The coronation of King Roger by Christ, Palermo
It was 1975 and Sadlers Wells Opera was putting on a production of the rarely performed opera by Karol Szymanowski. We saw it then and again when it transferred to the English National Opera. This clip of Roxana's Song is taken from the far less satisfactory Royal Opera House production of 2015, which we also saw. (YouTube wasn't even a twinkle in anyone's eye in 1975).

You can hear the whole opera on YouTube now in an excellent 2003 recording conducted by Jacek Kaspszyk, a fellow countryman of the Polish composer.

This is ravishing music and we were bowled away when we first heard it over forty years ago. It was premièred in Warsaw in 1926 so the work was already nearly fifty years old when I came across it. But the plot, as I have now discovered, is a perfect essay in historical fiction. Szymanowski's King Roger is married to the beautiful Roxana, who persuades him not to persecute as a heretic a mysterious Shepherd who appears in their court.

She is entranced by him and soon leaves Roger, to follow the Shepherd and his adherents, but this isn't a typical opera plot about jealousy and betrayal.  Roger is jealous, of course - who wouldn't be if they heard their wife sing like that to a stranger? - but when he chases after Roxana, he himself falls under the spell of the Shepherd, who then undergoes an apotheosis into the god Dionysios.

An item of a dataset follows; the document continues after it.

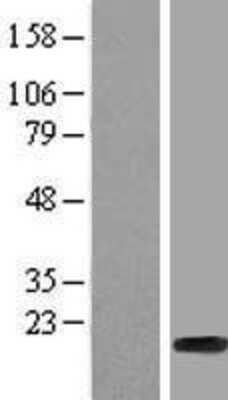 Western Blot: HIST1H2BF Overexpression Lysate [NBP2-07988]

Roxana and the Shepherd are teaching the king the lesson of joy and ecstasy, as if he had been a rather repressed sort of guy up until then. The whole opera is about the choice between the Apollonian and the Dionysian approach to life, as characterised by Nietzsche in The Birth of Tragedy.

Nietzsche says everything that is part of the unique individuality of man or thing is Apollonian in character; all types of form or structure are Apollonian, since form serves to define or individualize that which is formed. Sculpture is the most Apollonian of the arts, since it relies entirely on form for its effect. Rational thought is also Apollonian since it is structured and makes distinctions.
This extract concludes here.